As the Delhi High Court begins reviewing petitions against the Information Technology (Intermediary Guidelines and Digital Media Ethics Code) Rules, 2021, the Internet Society (ISOC) has published a detailed report analysing the 'traceability' requirement within these regulations.
The report assesses its potential impact on digital security, businesses, individuals and the national economy. A key point of contention in the IT Rules 2021 is the mandate for major social media platforms that provide messaging services to implement traceability measures.
This requirement obliges them to identify the original sender of messages, particularly on platforms that utilise end-to-end encryption (e2ee), such as WhatsApp, Signal, and iMessage.
ISOC's report highlights various challenges related to traceability. It discusses how proposed solutions, including the Kamakoti proposal, hashing techniques, and metadata analysis, could compromise encryption, thereby jeopardising the security of e2ee communications.
The analysis also addresses concerns regarding user privacy, particularly for individuals who depend on secure messaging, and how traceability could clash with privacy expectations in encrypted environments.
Furthermore, ISOC points out potential security and technical hurdles, such as the management of sensitive data and the practicality of the suggested solutions.
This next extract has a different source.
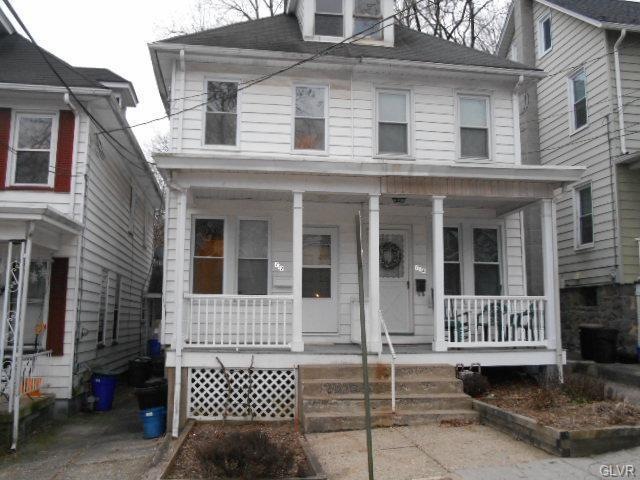 712 Pardee St, Easton, PA 18042 - photo 1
The report delves into the legal and technical complexities of digital attribution, emphasising the difficulties in ensuring accurate identification while safeguarding security and privacy.
The implications of traceability for various user groups and businesses are also examined, especially in sectors where secure communication is vital. ISOC stresses the importance of understanding the broader effects of the digital economy and the trust users place in online services.